A review of Ezekiel Fajenyo’s The Writings of May Ifeoma Nwoye: A Critical Literary Analysis by Paul Liam.

Ezekiel Fajenyo’s exploits in the field of literary criticism and scholarship has rightly established him as one of the few hard-working critics engaging through critical studies in Nigerian literature today. With several critical titles to his name, Fajenyo’s reputation as an important critic in Nigerian literature is not in doubt, thus his exploration of the issues and ideologies of the writings of one of Nigeria’s famous female writers, May Ifeoma Nwoye, further concretises his unsung reputation.

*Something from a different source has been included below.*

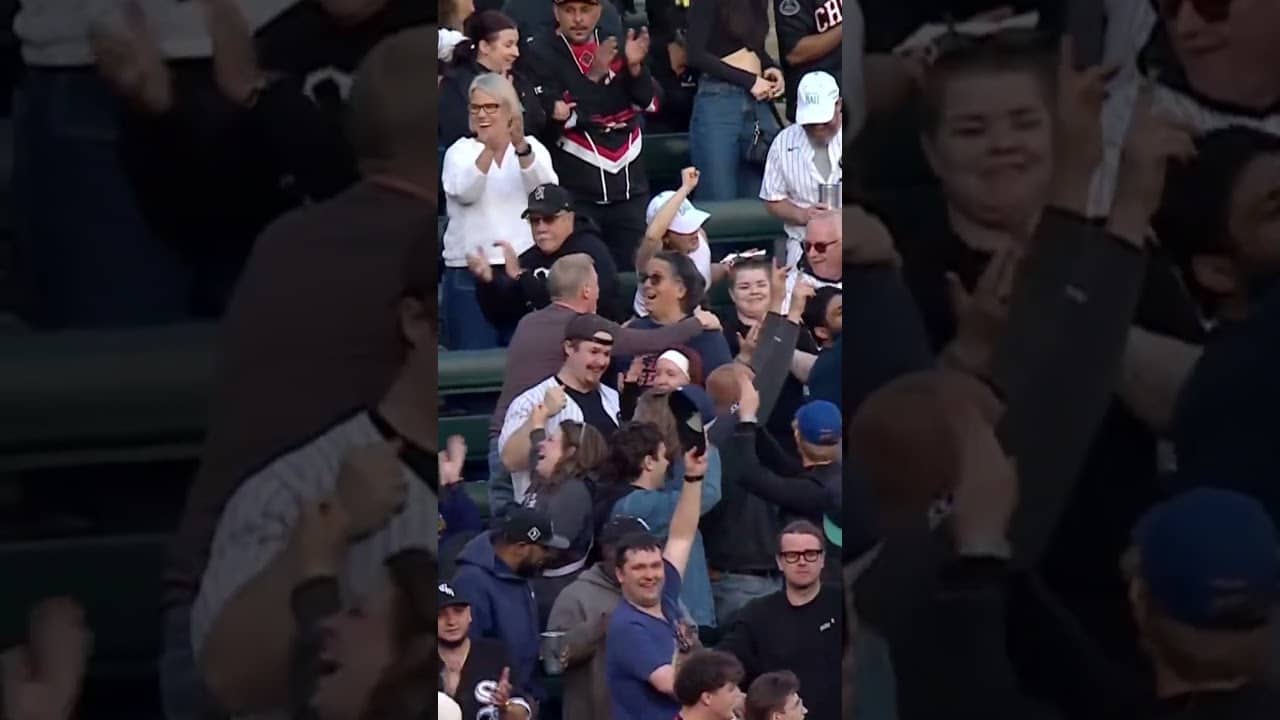 Miguel Vargas sends that one 410 feet! #homerun #highlights #MLB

Fajenyo’s critical analysis of Nwoye’s writings is an instructive incursion that exposes the leitmotif of her artistic expressions and provides a profound context for anyone interested in reading or researching into the works of that formidable author. The 588-page book begins with a biographical sketch, in chapter one subtitled ‘General Introduction’ where he X

-rays the history of her birth, education and scholarship, as well as her glorious attainments in life. May Ifeoma Nwoye, a distinguished accountant and academic has perhaps published more works of creative fiction than many of her contemporaries. Trained professionally as an accountant, her love for creative writing has earned for her a reputation that her career as an accountant has failed to accord her, and this fact is succinctly reflected in the book.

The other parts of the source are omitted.